Dr. Ramadan Breki is at the left side of the photo. The Parliament is announced on the banner behind in French, Japanese, Arabic, and English. On the banner in front in Esperanto.
Some delegates on the right side of the Parliament chamber.
In session: second from right (in the white suit) is Dr. Dauji Gupta, former Lord Mayor of Lucknow, India, and a Vice-President of the World Constitution and Parliament Association (WCPA).
Some delegates pose early on for a group photo. The synergy and rapport among delegates was very high and projected our Earth Federation Movement toward a promising future.
The Ninth Session of Parliament met in coordination with some delegations of the African Children's Parliament from various nations.
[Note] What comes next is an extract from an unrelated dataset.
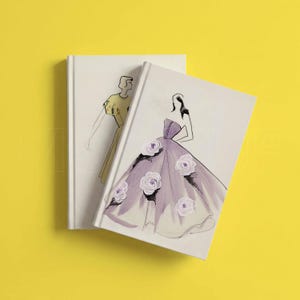Pu&ograve; includere: Due quaderni con copertina rigida con illustrazioni di moda. Un quaderno presenta un disegno di una donna in un abito viola con accenti di rose bianche. L'altro quaderno ha un disegno di una donna in un abito giallo. I quaderni sono su sfondo giallo.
A number of African nations have developed children's parliaments and accepted our invitation to coordinate with the Provisional World Parliament, four nations that participated were Libya, Togo, Burkina Faso, and Nigeria.
On the second day of the parliament the children from the African Children's Parliaments met with us for ceremonies and to present a resolution to the Parliament.
An English-speaking leader of the Children's Parliament from Libya, Ms. Rawan Mohamed, Honourable Speaker of the African Children's Parliament, read the resolution proposed to the Parliament requesting the Parliament to join the fight to rollback malaria in Africa. Next to her is Senator Samuel of Nigeria and a sponsor of the Children's Parliament in Nigeria. (Senator Oyatolu Samuel FMP is former Deputy Senate Leader of Nigeria Children's Parliament and current Coordinator of the Lagos State Children's Parliament.)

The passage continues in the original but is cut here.